Thank you again for your acknowledgment and insightful questions :) For ablation studies, the implementation of the code is very simple (including w/o LLM: the LLM part is removed, and only the embedding and projector are trained; LLM4Attn: Replaces LLM with an MHA Layer. LLM2Trsf: the LLM is replaced by a randomly initialized Transformer), we rigorously follow the paper: "Are Language Models Actually Useful for Time Series Forecasting" and their code implementation: https://github.com/BennyTMT/LLMsForTimeSeries. If you are interested, we will provide you with the detailed experimental code (of course, this may take a little time).
As you mentioned, there is still a lot of debate in the field of time series, such as Linear vs. Transformer, AR vs. non-AR. It has led us to rethink the question of whether the Benchmark, which is widely used in these papers, is reliable. For example, recent studies have shown that DLinear under the evaluation of comprehensive datasets, achieves unimpressive performance (https://arxiv.org/pdf/2410.10393, Table 11). To be honest, a good study will objectively prove its strengths/weaknesses rather than arguing who has done the best work at Benchmark. I think it's better to enlighten practitioners about when (the scenario) these models are appropriate and when they are not.
With the recent revival of autoregressive models, I think it has the strength in versatility and compatibility, but it indeed has error accumulation and data-hungry training challenges. There are really a lot of good questions to explore here!
Thank you so much for your detailed and thoughtful response! I deeply appreciate you taking the time to explain the ablation study implementation details and sharing those valuable insights about the experimental methodology. Your reference to following the rigorous approach from "Are Language Models Actually Useful for Time Series Forecasting" and their implementation is very helpful. I can handle the ablation studies implementation following the approach you've outlined.
Your perspective on the ongoing debates in time series forecasting is particularly enlightening. I strongly agree with your point about the importance of understanding when and where different approaches are most appropriate, rather than focusing solely on benchmark performance. The example you shared about DLinear's performance across comprehensive datasets really highlights this crucial point.

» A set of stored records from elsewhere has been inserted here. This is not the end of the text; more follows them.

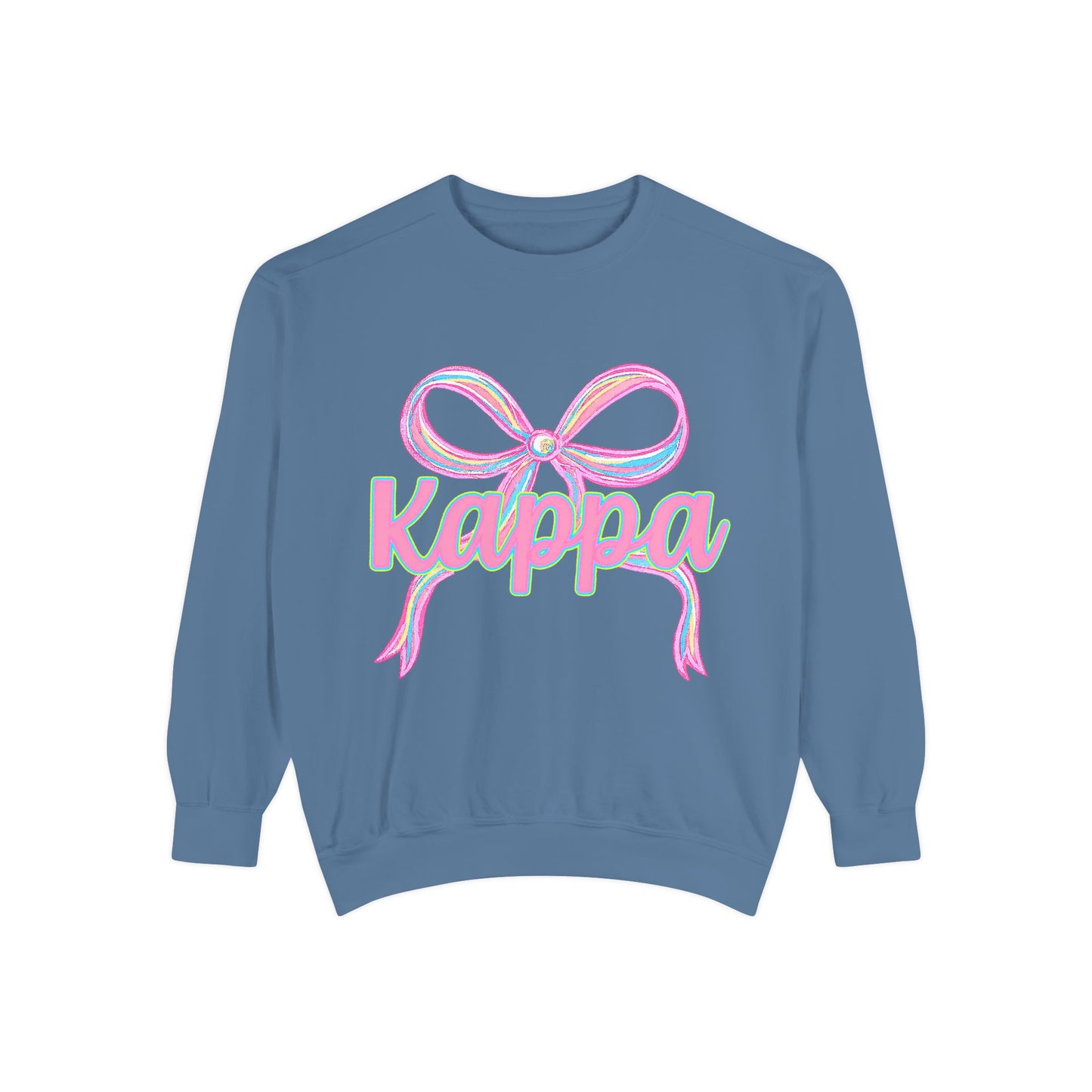 Kappa Bow Sweatshirt, Unisex Garment-Dyed Sweatshirt, Cozy Fashion, Fall Wardrobe, College Spirit, Gift Idea, Trendy Apparel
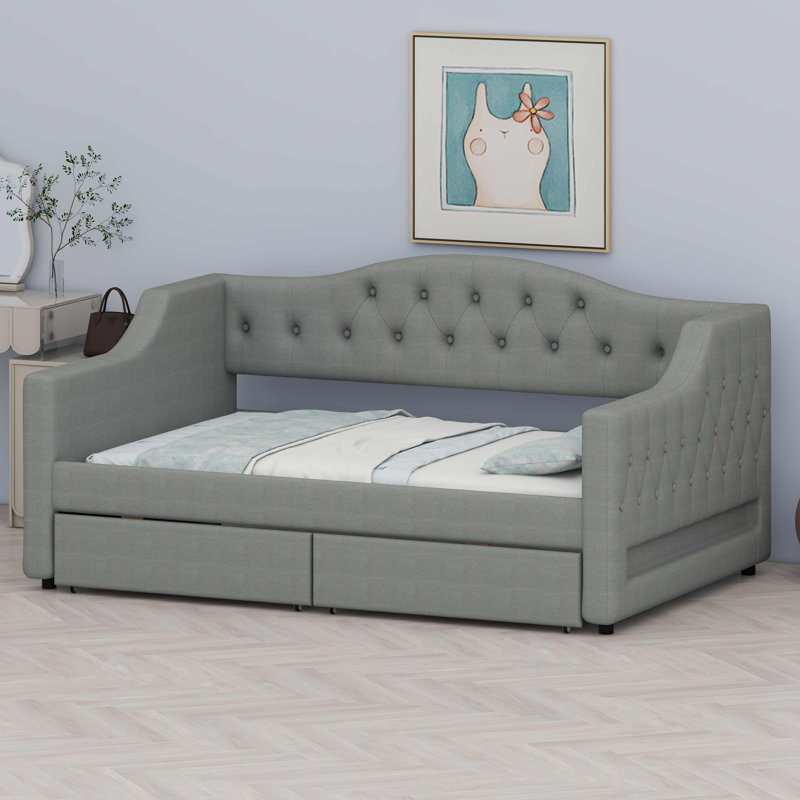 Elegant Daybed Frame with Padded Design, Ambient LED Lighting and Convenient Drawers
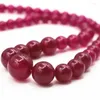 Pärlor Natural Beautiful Rose Red 6-14mm Round Jades Chain Necklace For Women Elegant Choker Chalcedony Stone 18inch M-91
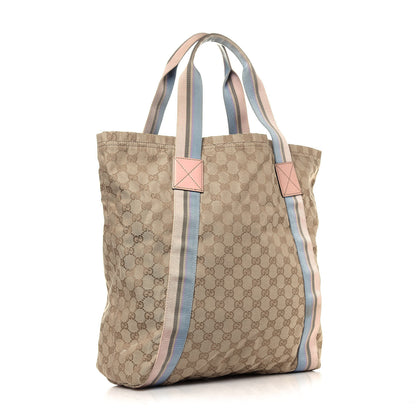 Gucci GG Monogram Medium Web Handle Vertical Tote Pink Blue 3 of 15
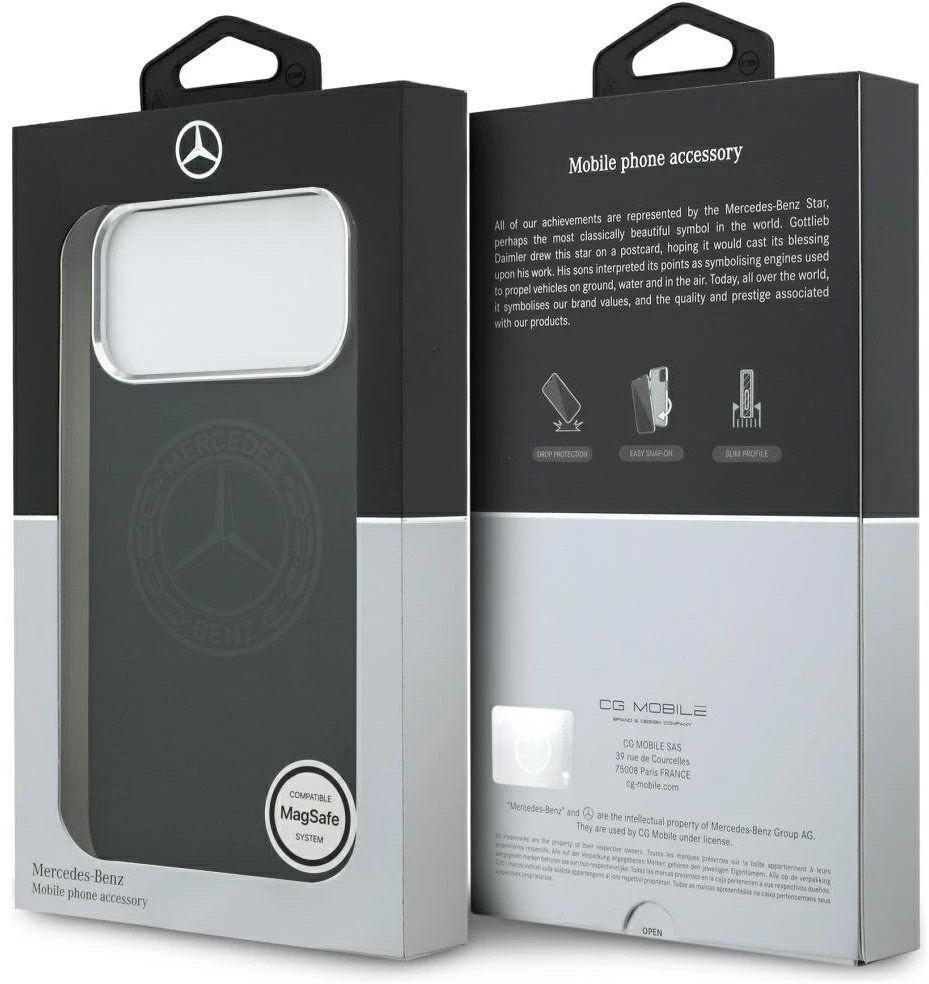 Dėklas Mercedes Silicone Vintage Logo MagSafe Apple iPhone 17 Pro Max juodos spalvos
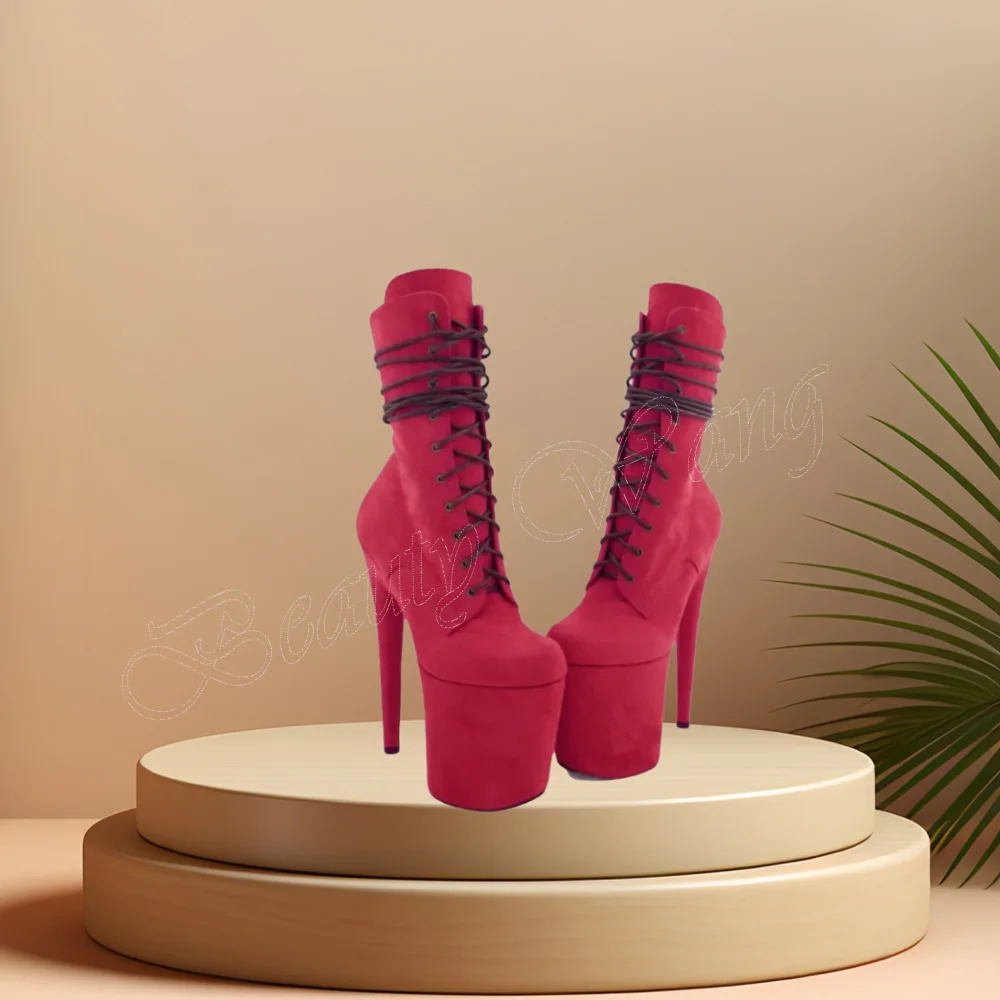 

Red Front Cross Tied Boots Platform Lace up Suede Spike High Heel Shoes for Women Runway High Heels 2023 New Zapatillas Mujer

I truly look forward to potential future discussions and collaboration opportunities in this exciting field. Wishing you continued success in your research!
Best regards!
I'm very interested in using LLMs for time series forecasting. However, I noticed that in AutoTimes, the temporal information is only incorporated through timestamp embeddings in the language semantic space. There seems to be no actual interaction between time series patterns and language understanding/reasoning capabilities of the LLM.
Isn't this essentially just using LLM as a powerful transformer for feature extraction, rather than truly leveraging its language understanding abilities? I'm curious about your thoughts on this distinction, as I believe the potential of combining LLMs with time series analysis could be much deeper.